Went to Google and found a Ninth Circus (current appelation) Court opinion on the case, Leslie Cohen v. IRS from 1959, which contained the following:
During the years in question the petitioner, Lesly Cohen, operated the Kingston Club, a San Francisco card room. During the same period and using the same premises as his headquarters, Cohen operated as a so-called 'betting commissioner.’ The latter activity was in violation of both state and local law. Either as a part of this latter activity (as appellant contends) or as a separate venture in which appellant engaged in personal betting (as the Tax Court found), Cohen also received income from a San Francisco establishment known as the Film Row Club.
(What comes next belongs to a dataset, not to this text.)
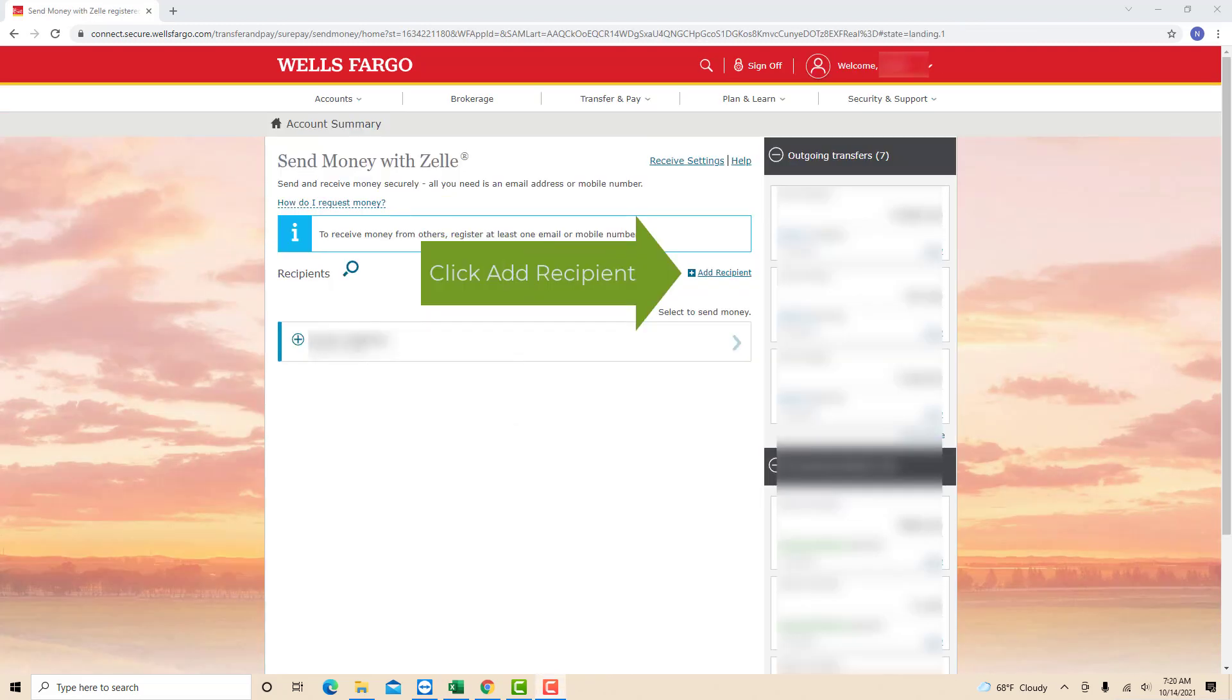On this page, you will see a blue text that says Add Recipient. Click on Add Recipient.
As betting commissioner, Cohen would obtain opposite parties to wagers on horse races and other sporting events. Normally he did not accept a wager as 'placed' until he had found some other individual to 'lay off' the other side of the same event. When Cohen was able to 'lay off' the entire amount of the bet, his profit or loss would not depend upon the outcome of the event. Instead, it would be a fixed percentage or 'commission' of the total wager. When able to do so, Cohen would lay off the bet with his own local customers. When this could not be accomplished, he would lay off or cover the bet with other betting commissioners.
Notice the the clowns only define the Film Row Club as an "establishment", whatever the heck that means. Same kind of drunken idiots that populate the current Ninth Circus. This is the most relevant reference, but the whole forked-tongued document can be read by going to www.google.com and entering "film row club" and reading the single result I found.